Former teacher creates job and wealth by crushing bones to make animal feeds

By Special Correspondent
Isaac Njuguna’s workshop near the busy Dagoretti Market can be mistaken for one of the many abattoirs that dot the area. In the compound, a strong stench of rotting flesh and bones waft from the workshop, which is just a few meters away from the famous slaughterhouses of Dagoretti. In the populous Dagoretti area, slaughterhouses have been the lifeline of the locals, with most people eking out a living from the meaty business. The resultant booming business brings with it an undesirable byproduct; the bones, which are carelessly thrown about when people have feasted on the meat.
For Njuguna, a former teacher, the bones are a gold mine. He crushes them to make bone meal, an essential element when it comes to manufacture of animal feeds.
Since 1998, this has been his preoccupation. Though he earned a meager income when he worked as an untrained teacher, today he rakes in a handsome income from bones. His thriving business has created jobs for him and others in an area where most people are jobless.
Here’s how he morphed into a job creator.
After completing his secondary school education at Meru School in 1983, he started working as an untrained teacher, where he earned a monthly income of Kes1400. Frustrated with the low pay, he q quit his job after five years and joined his villagemates in scavenging for jobs in the nearby Dagoreti slaughterhouses.
Once he got a job, he could work extra hard, to a point where he had saved enough to open his own butchery bin the nearby Ngong town.
It’s in Ngong town where he inadvertently bumped into the bone crushing business and liked it.
Though he couldn’t get enough information from the owner of the business about how to start such a venture, he was ingenious enough to create his own bone crushing machine from scratch.
With a bone crusher, he realized that he needed lots of electricity to run it.
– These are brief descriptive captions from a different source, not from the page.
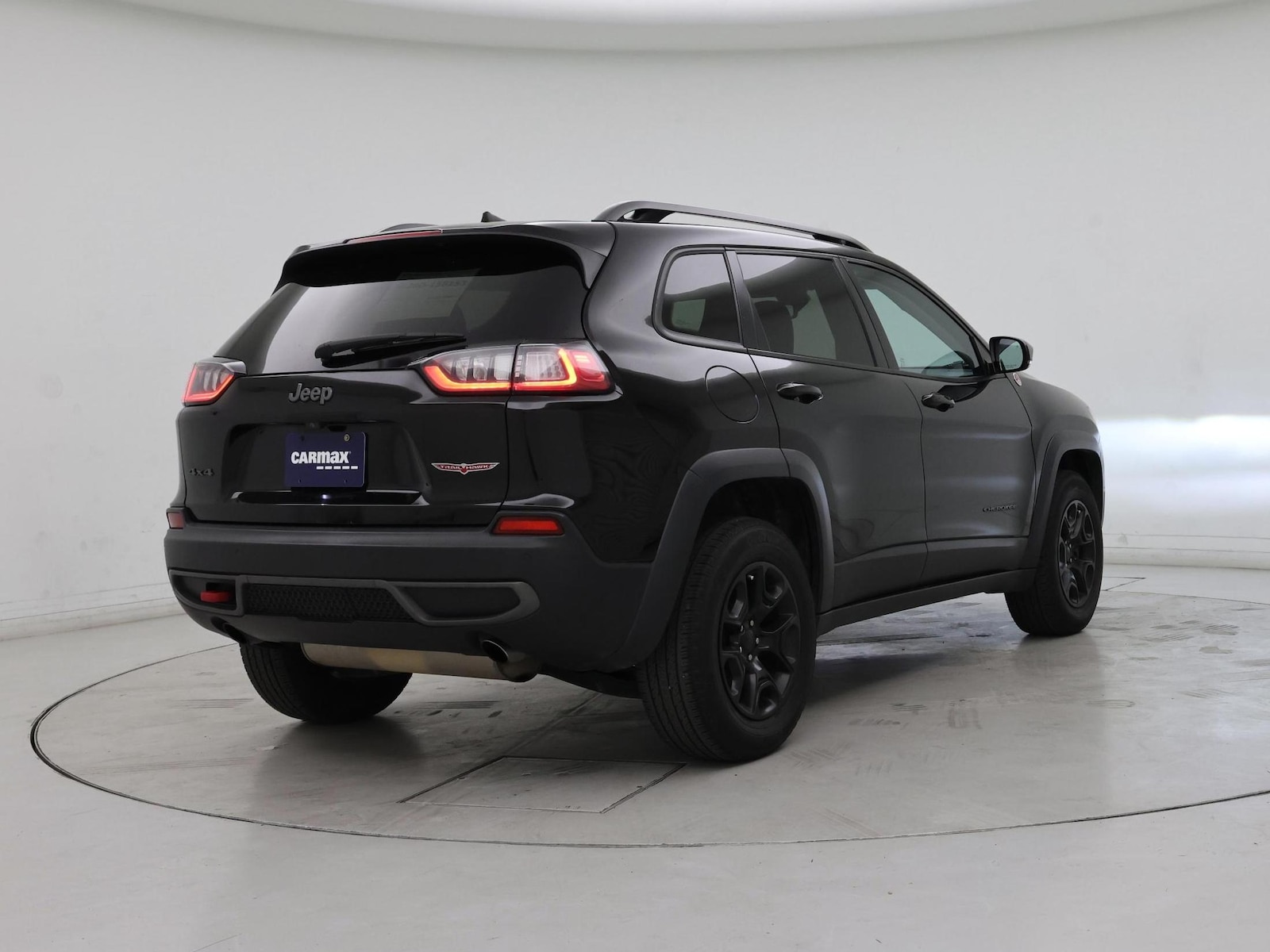 2019 Jeep Cherokee Trailhawk - Photo 9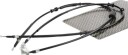 RIDEX 124C0214 Tautrekk håndbremse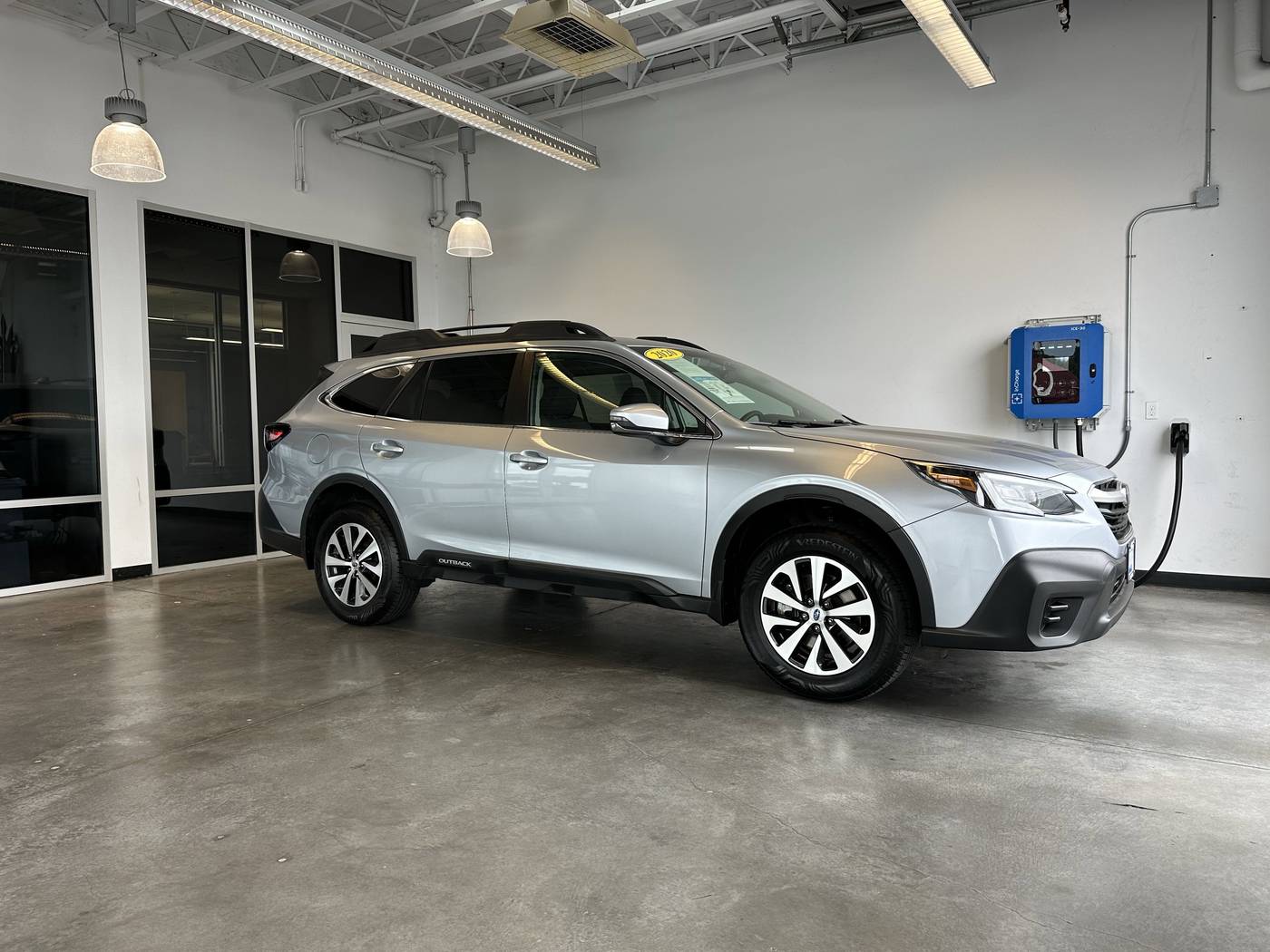 2020 Subaru Outback 2.5i Premium — SUV — 89,314 mi — Longview, WA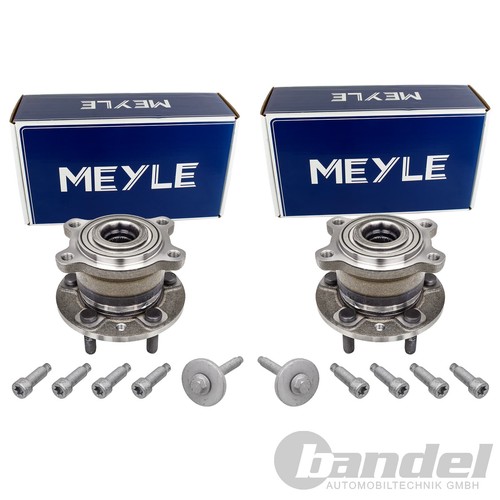 Meyle mozzo con cuscinetto - meyle,
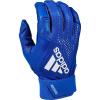 imageAdidas Adizero 40 Adult Leather Batting GloveRoyal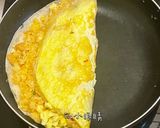 炒飯蛋餅 (桂冠墨西哥嫩雞飯)的食譜步驟5照片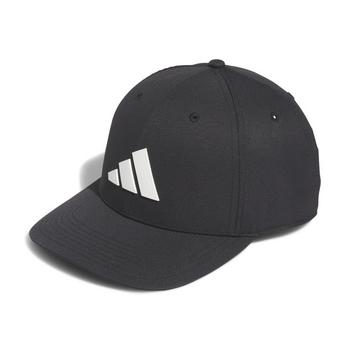 adidas Tour Snapback Cap - Black - main image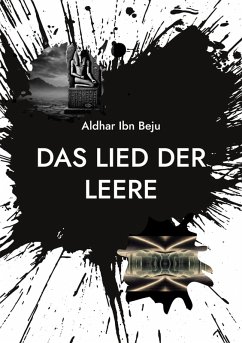 Cover Das Lied der Leere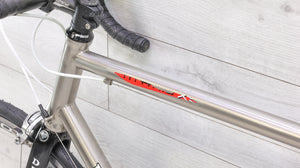 De Rosa Titanio XS Titanium Road Bike - 2004, 58cm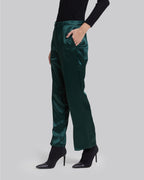 1 X Front Slit Wide-Leg Trousers image 4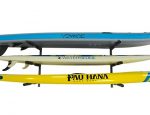 StoreYourBoard SUP Rack | 3 Paddleboard Wall Storage - Image 3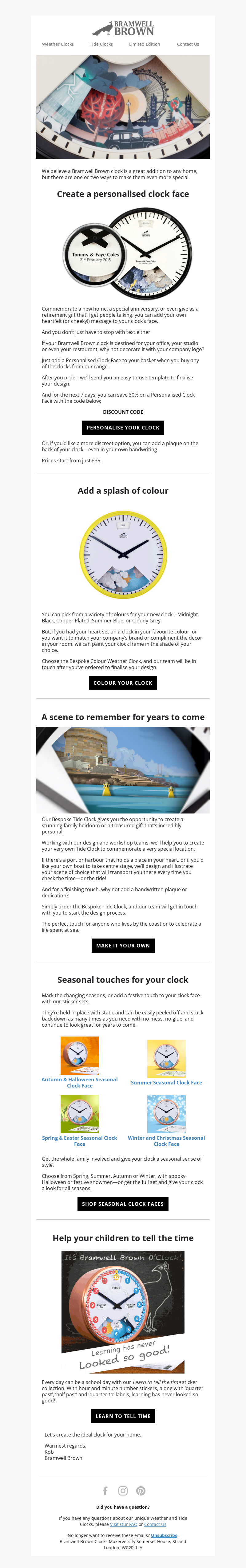 Why not make it even more special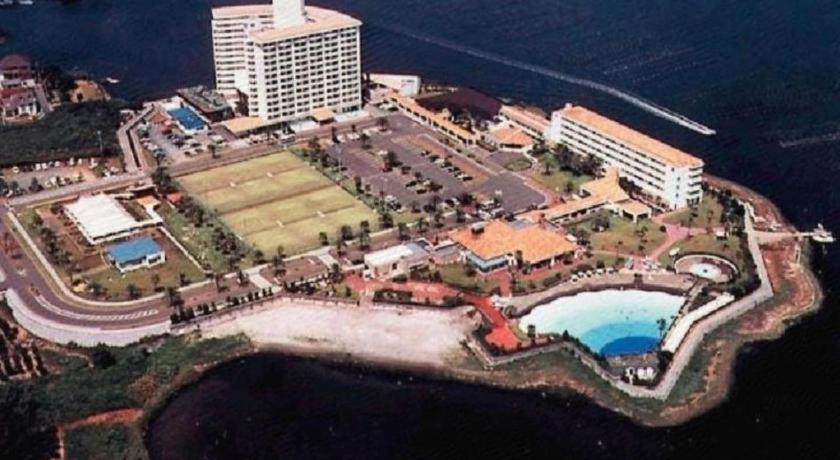 Hamanako Lake Side Plaza Hamamacu Kültér fotó
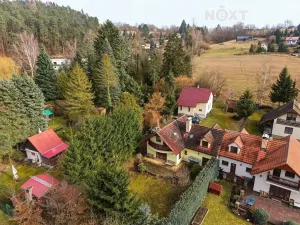 Prodej rodinného domu, Samopše, 166 m2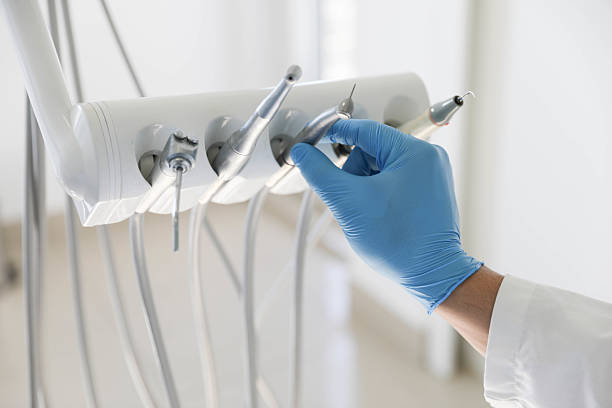 Professional Dental Crowns And Bridges technician working in Carleton, MI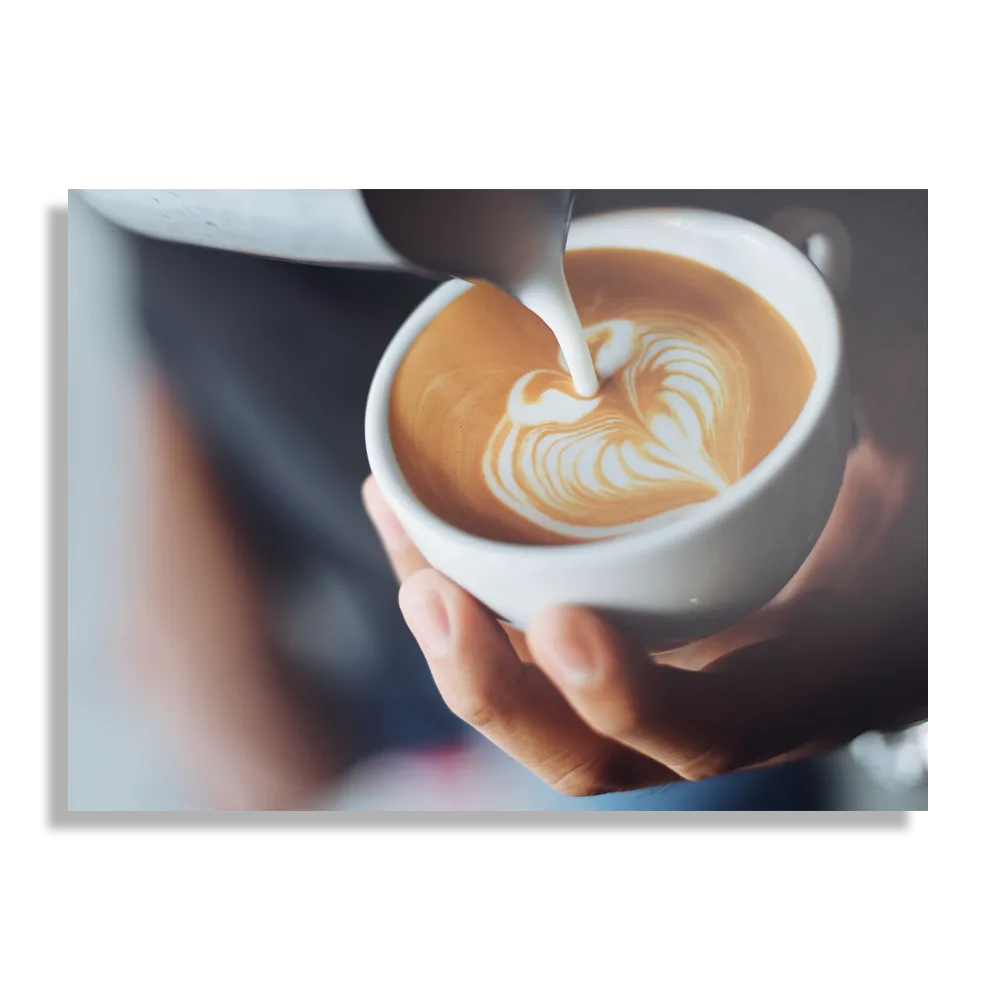 Schilderij Koffie Love Rechthoek Horizontaal Template DB 50 70 Horizontaal Eten En Drinken 20 1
He almost gave up after he learnt that power installation could set him back with Kes400000.
Undeterred, he sold his meat  business and took a leap of faith to venture into the bone crushing industry.
Once he took his first sample of bone meal to the Kenya Bureau of Standards for testing, it was given a clean bill of health, paving the way for more than two decades of bone meal production.
Today, he supplies the bone meal in bulk, to animal feed manufacturers like Hemco Feeds, Sigma Feeds, and Belfast Companies, some of which buy the product in batches of 2 tons, 5 tones or 10 tons.
His milling plant can process up to two tons of bone meal in a day. At any given day, the miller employs up to eight people, with the number rising to 12 when business is good.
Looking back, he delights in seeing the huge impact the bone business has had in his backyard.
“Bones from the slaughterhouses were  disposed off anyhowly. Dogs would carry them farther and farther and the village would be drowning in the stench of rotting meat and bones.”
He believes that his bone factory is a way of ridding the village of bones, which can be a health hazard if not well handled.
Having achieved great success in the bone crushing business, he plans to set up a fully-fledged factory with a higher capacity as he aspires to meet the rising demand for bone meal.
As an old hand on the job, he has a few words of wisdom that can benefit young entrepreneurs. “Persist in whatever you do and you’ll’ ultimately reap rewards.”
For him, he says the stench of the rotting meat and bones is not so pleasant, but he persists to get money out of it all.